Alessio (:Dexter) recently landed a new ping for Firefox 56: the “update” ping with reason “ready”. It lets us know when a client’s Firefox has downloaded and installed an update and is only waiting for the user to restart the browser for the update to take effect.

In Firefox 57 he added a second reason for the “update” ping: reason “success”. This lets us know when the user’s started their newly-updated Firefox.

I thought I might as well see what sort of information we could glean from this new data, using the recent shipping of the new Firefox Quantum Beta as a case study.

This is exploratory work and you know what that means[citation needed]: Lots of pretty graphs!

First: the data we knew before the “update” ping: Nothing.

Well, nothing specific. We would know when a given client would use a newly-released build because their Telemetry pings would suddenly have the new version number in them. Whenever the user got around to sending them to us.

We do have data about installs, though. Our stub installer lets us know how and when installs are downloaded and applied. We compile those notifications into a dataset called download_stats. (for anyone who’s interested: this particular data collection isn’t Telemetry. These data points are packaged and sent in different ways.) Its data looks like this:Screenshot-2017-9-29 Recent Beta Downloads.png

Whoops. Well that ain’t good.

On the left we have the tailing edge of users continuing to download installs for Firefox Beta 56 at the rate of 50-150 per hour… and then only a trace level of Firefox Beta 57 after the build was pushed.

It turns out that the stub installer notifications were being rejected as malformed. Luckily we kept the malformed reports around so that after we fixed the problem we could backfill the dataset:Screenshot-2017-10-4 Recent Beta Downloads

Now that’s better. We can see up to 4000 installs per hour of users migrating to Beta 57, with distinct time-of-day effects. Perfectly cromulent, though the volume seems a little low.

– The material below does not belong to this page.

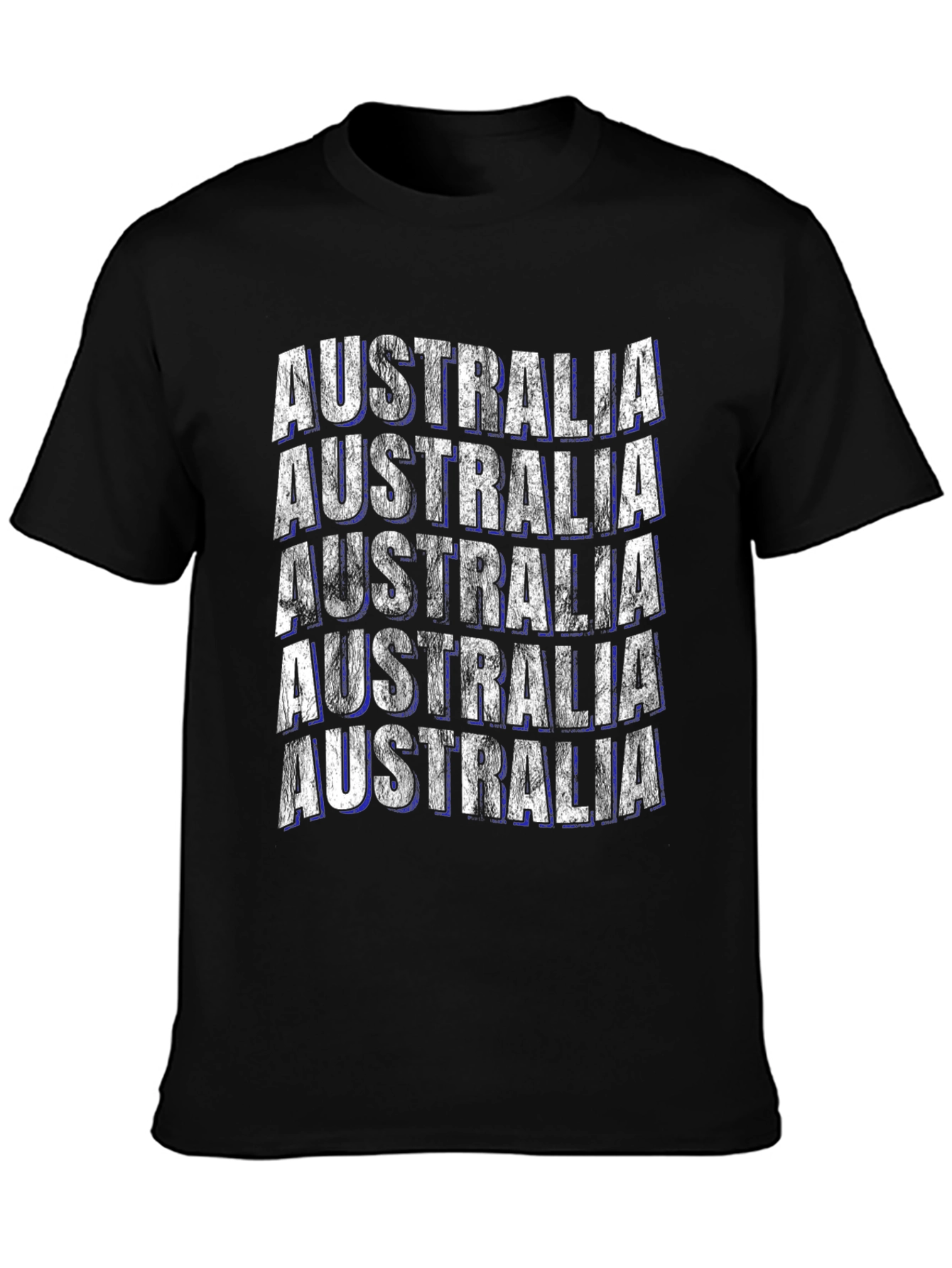 Australia Graphic T-Shirt - Mens Short Sleeve Tee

But that’s installs, not updates.

What do we get with “update” pings? Well, for one, we can run queries rather quickly. Querying “main” pings to find the one where a user switched versions requires sifting through terabytes of data. The query below took two minutes to run:

Screenshot-2017-10-3 Users Updating to Firefox Quantum Beta 57(1)

The red line is update/ready: the number of pings we received in that hour telling us that the user had downloaded an update to Beta 57 and it was ready to go. The blue line is update/success: the number of pings we received that hour telling us the user had started their new Firefox Quantum Beta instance.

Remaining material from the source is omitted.